The effect of sea-level rise on Great Britain

Original Map of Great Britain
A rise in sea level of 10 meters

A rise in sea level of 50 meters

A rise in sea level of 100 meters
The graphics shown show a picture of Great Britain and the effect of sea level rising 10 meters, 50 meters, and 100 meters. The black mass represents the ocean and the lighter parts represent the land mass. You can see the white parts diminishing as sea level rises. 

I got the data from Christian Hill's online book in Chapter 7 on matplotlib.

The graphics was created from an .npy file which had arrays of the altitudes of 10 km x 10 km hectad squares of Great Britain. 

I was told to use imshow to plot the map given in the .npy file and plot the three different maps where sea level rises 10m, 50m and 100m. I also had to figure out the percentage of land area remaining, relative to its present value. 

.imshow

I used .imshow to plot the map after I opened the npy file with numpy's load function. 

The code looks like this:

plt.imshow(a, interpolation='nearest', cmap='gray')
plt.show()

where plt represents matplotlib.pyplot. Interpolation= 'nearest' was supposed to make the map more clear, but I don't think it did anything. cmap='gray' might be for the color scale.

Manipulating the arrays

To find the altitudes of the land mass when there is a sea level rise of 10m, I subtracted every element in my array by 10. This was done by just calling the given array a and subtracting 10. Since some values became negative, I had to replace all negative values by 0. That was done by the following code: 

z[z<0] = 0

where z is an array. The above code is basically saying, for all negative values in the array z, let them equal 0.

Deducing percentage of land remaining

The next step was the deduce the percentage of land mass remaining after a rise in sea level of 10m, 50m, or 100m.

Since the numpy arrays gives the average altitudes per 100km^2 of area of Great Britain, we know that we can find the total area of the map by counting the total number of elements in the arrays. There are 8118 hectad squares whose area is 811800 km^2. That counts the area of the oceans too. To just find the land mass area, we need to subtract the hectads that have an average altitude of 0. 

To count how many hectads had altitude 0, I used a for loop like so:

counter = 0
for element in a:
    for element in element:
        if element == 0:
            counter += 1
print(counter)

where a is an array.

In the original map, there were 5261 hectads with altitude 0. I subtracted the number of hectads with altitude 0 from the original number of hectads (8118) to get the number of hectads of land mass. I got that the land mass of the original map is 285700 km^2. 
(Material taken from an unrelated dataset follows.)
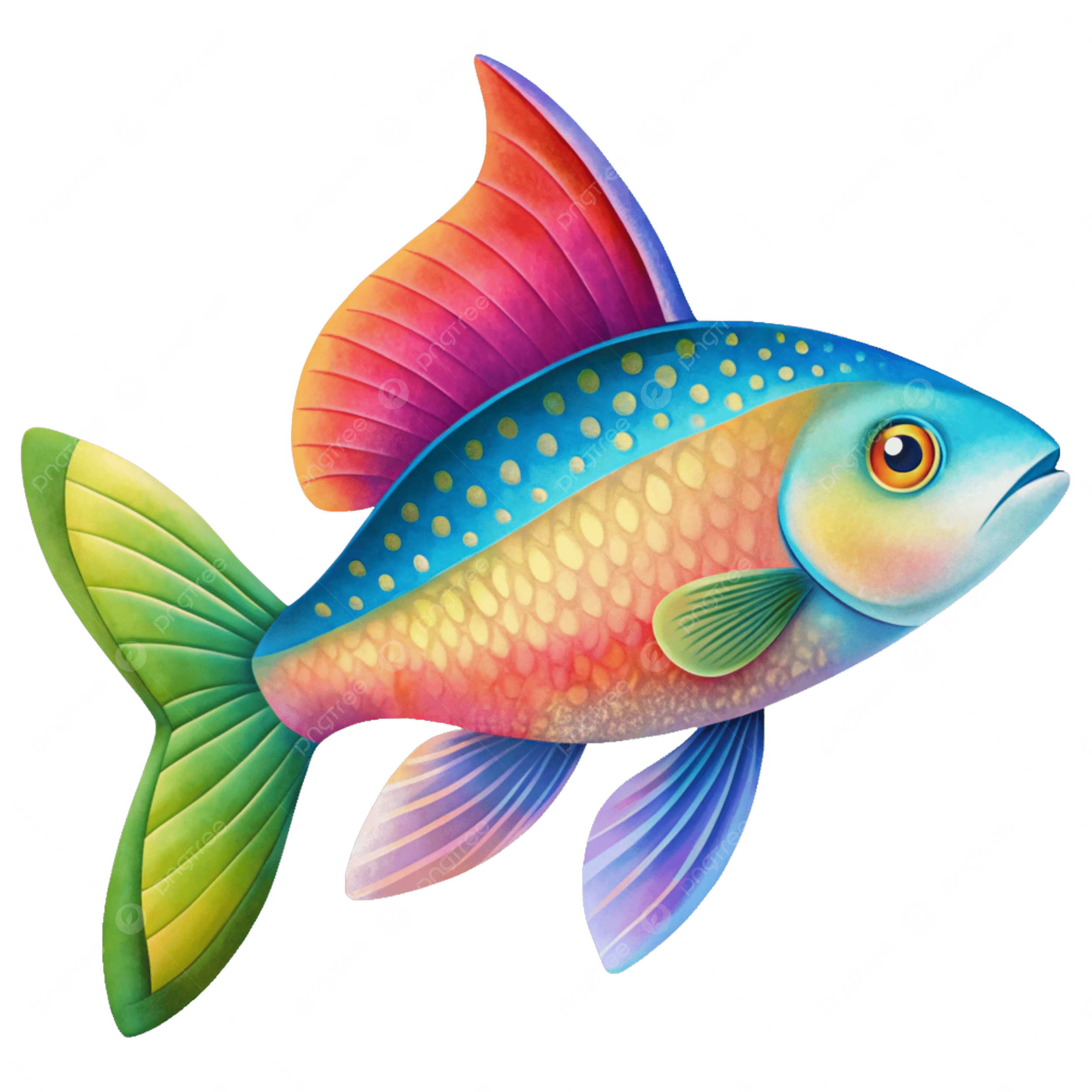 Rainbow Fish Clipart Rainbow Fish Coloring | Digital Art For Kids within Exploring the Science Behind Visions II Rainbow Fish Pearl Pillow Design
I used a similar for loop to find the number of hectads of land mass with altitude greater than 0 for the latter 3 maps. Then, I compared the number with the original map's land mass. 

When sea level rises to 10m, the percentage of land remaining compared to the original land is 83.86%.
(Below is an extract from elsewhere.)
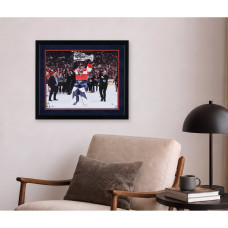 Фото с автографом Sergei Bobrovsky Florida Panthers Fanatics Authentic 2025 Stanley Cup Champions 16" x 20" Raising Cup with Multiple Inscriptions - Limited Edition of 50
When sea level rises to 50m, the percentage of land remaining compared to the original land is 64.02%.

When sea level rises to 100m, the percentage of land remaining compared to the original land is 45.15%. 
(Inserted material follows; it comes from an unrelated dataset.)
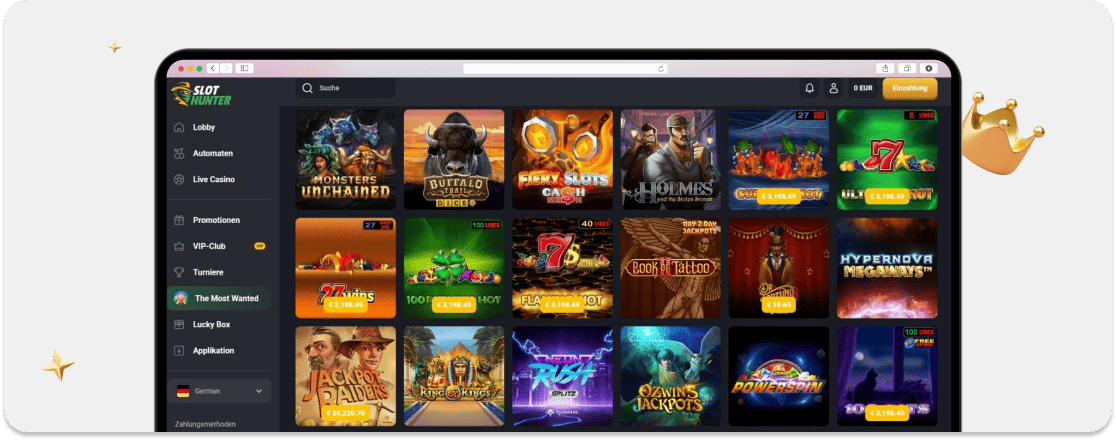 Slothunter Casino Erfahrungen & Testbericht 2026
Does it look like that in the maps?

Final Thoughts

I am very happy to know how to load some type of image through python. Although I did not create the code for the map, I have a bit of knowledge of how pictures can be created through arrays! That is very cool. I always wondered how pictures of maps were created through code, and now I know, kind of.

Climate change is also something I am very interested about. I hope to do my final project at Metis related to climate change. 

On a side note, I will be attending the Spring cohort's career day today to see them present their final projects. I am excited about that.